The Scottish Government thinks so too. At least the Scottish Community Safety Minister, Siobhan Brown, told BBC’s Today that “it would be up to the police” to judge whether Rowling’s repeated misgenderings amounted to hate speech and that she fully expected such an allegation to be investigated.
Rowling’s response? “Arrest me”.
This is not so much cat among the pigeons as a tiger in the henhouse - and the Scottish government and the police are now running around like headless chickens. This isn’t what was supposed to happen.
The SNP Government thought that this legislation would merely “send a message” that Scotland is not a land which tolerates hatred against minorities - it was a branding exercise. It was also a classic case of the folly of using the criminal law to send a press release. The MSPs - of all parties - who voted for it in Holyrood didn’t think they had to bother about whether it was actually workable. After all, they thought, not one approves of hate, do they? Who can possibly disagree with banning it? Well, now they know.
They failed to give any clear definition of “stirring up hatred” and resorted to the supposed “Macpherson” doctrine of 30 years ago - namely that hate crime is whatever the offended person says it is. On every Police Scorland website and leaflet, you will see hate crime defined as “any crime which the VICTIM or any other person, perceives to be motivated, wholly or in part, by malice, ill-will and prejudice towards a person or group”. This is a manifestly irrational and unjust proposition, yet no one thought to contradict it during the passage of the Hate Crime Act because no one wanted to appear to be defending hate crime. In a parliament with no revising chamber and a surfeit of virtue-signalling politicians, the act was passed on a wave of feel good sentiment.

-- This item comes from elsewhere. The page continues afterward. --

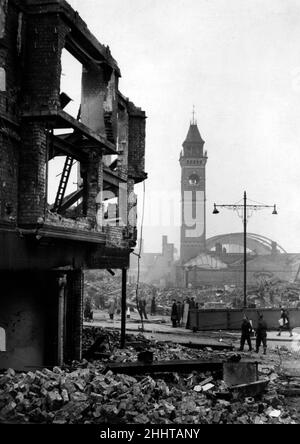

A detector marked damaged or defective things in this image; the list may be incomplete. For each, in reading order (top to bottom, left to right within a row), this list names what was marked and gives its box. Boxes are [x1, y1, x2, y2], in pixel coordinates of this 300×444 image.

damaged facade [0, 0, 146, 370]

And there it stands in all its unenforceable absurdity. The idea that the ordinary policeman or woman on the street is now supposed to decide whether or not to collar mega stars like JK Rowling, or gender critical politicians like Joanna Cherry KC MP, is patently ridiculous.. Yet that is how the Scottish Government has left the Scottish law on hate crime..

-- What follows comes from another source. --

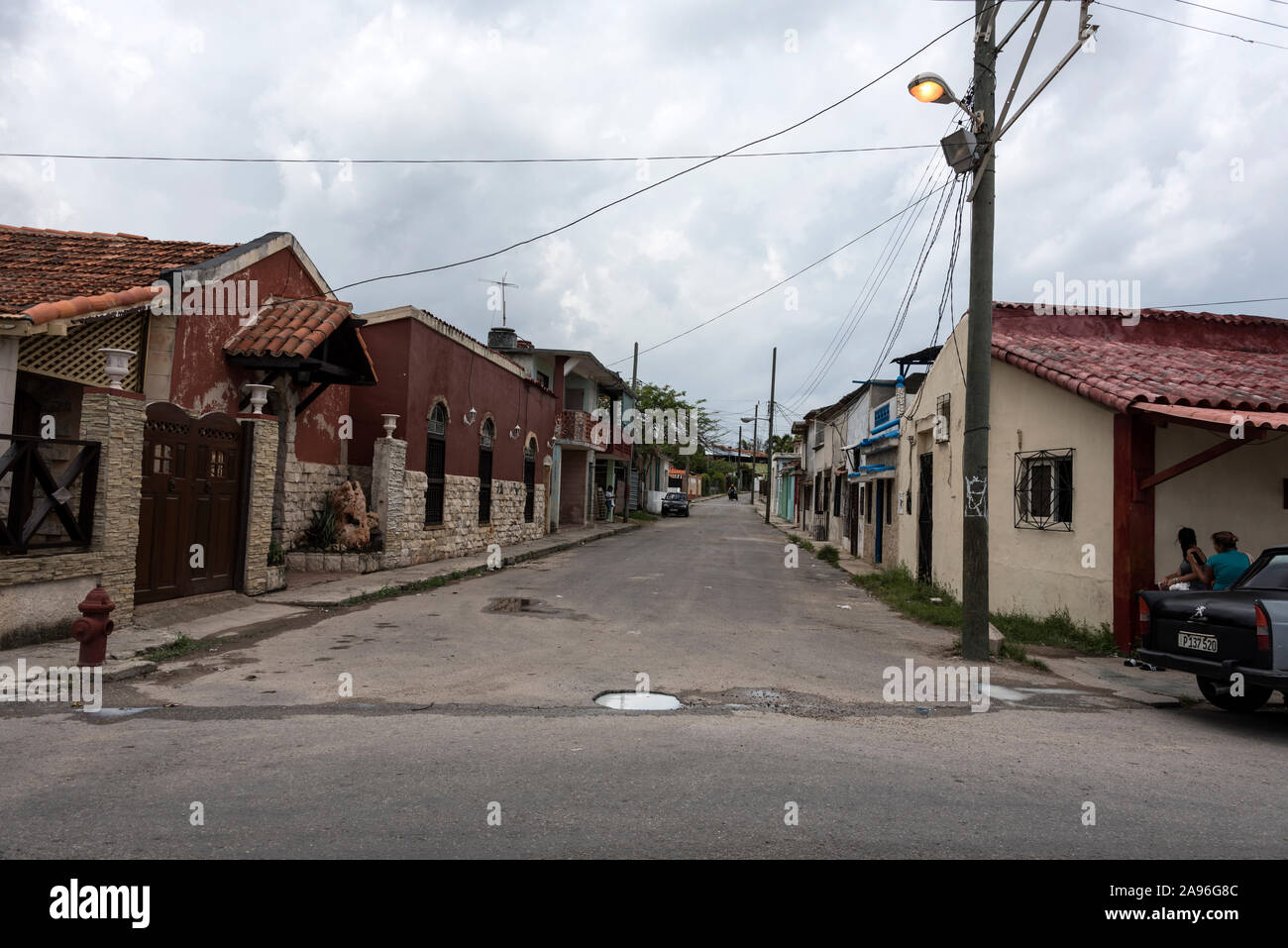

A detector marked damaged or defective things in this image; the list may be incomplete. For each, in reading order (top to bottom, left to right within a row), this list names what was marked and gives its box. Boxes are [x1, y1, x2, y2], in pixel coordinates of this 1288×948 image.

pothole [590, 689, 682, 709]
cracked asphalt road [2, 503, 1284, 860]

Rowling’s tweet is a direct and calculated assault on the Hate Crime Act. If she is not investigate and not recorded as having perpetrated a hate incident the legislation will be shown to be unenforceable in practice - at least as far as people of wealth and media prominence is governed . And of course the police are not going to arrest JK Rowling. The idea is preposterous. But that doesn’t mean this legislation is dead.
It will remain lurking disreputably on the statute book for years. Once the row over Rowling is over the Hate Crime Act will still be capable of causing grief, stress and expense for innocent individuals who lack global celebrity and financial resources.

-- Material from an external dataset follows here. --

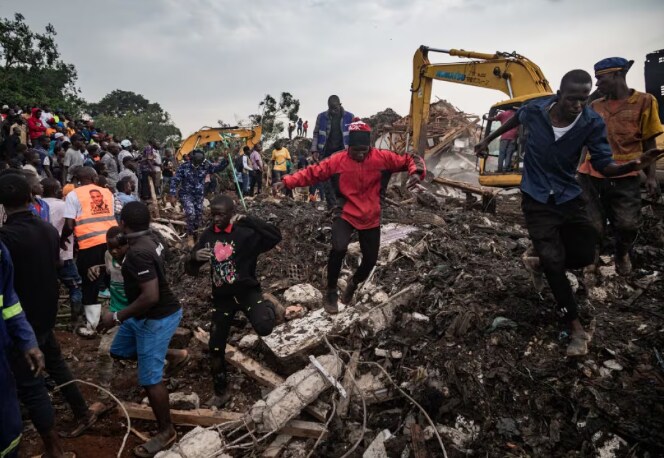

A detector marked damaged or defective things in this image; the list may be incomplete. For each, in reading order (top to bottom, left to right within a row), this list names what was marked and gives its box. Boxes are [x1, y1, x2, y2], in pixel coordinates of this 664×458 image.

The targets will probably be unknown public sector workers - possibly teachers or social workers or local government workers - who fail to adopt the correct pronouns or claim that men cannot change sex and do so in the hearing of some woke colleague or trades union rep. A hate crime form will be sent, anonymously or course, to one of the 411 third party reporting centres. There officers will duly log a “hate incident” and even if it is not investigated the person’s name will be on police records for malign colleagues to use against them. It is a deeply unpleasant prospect.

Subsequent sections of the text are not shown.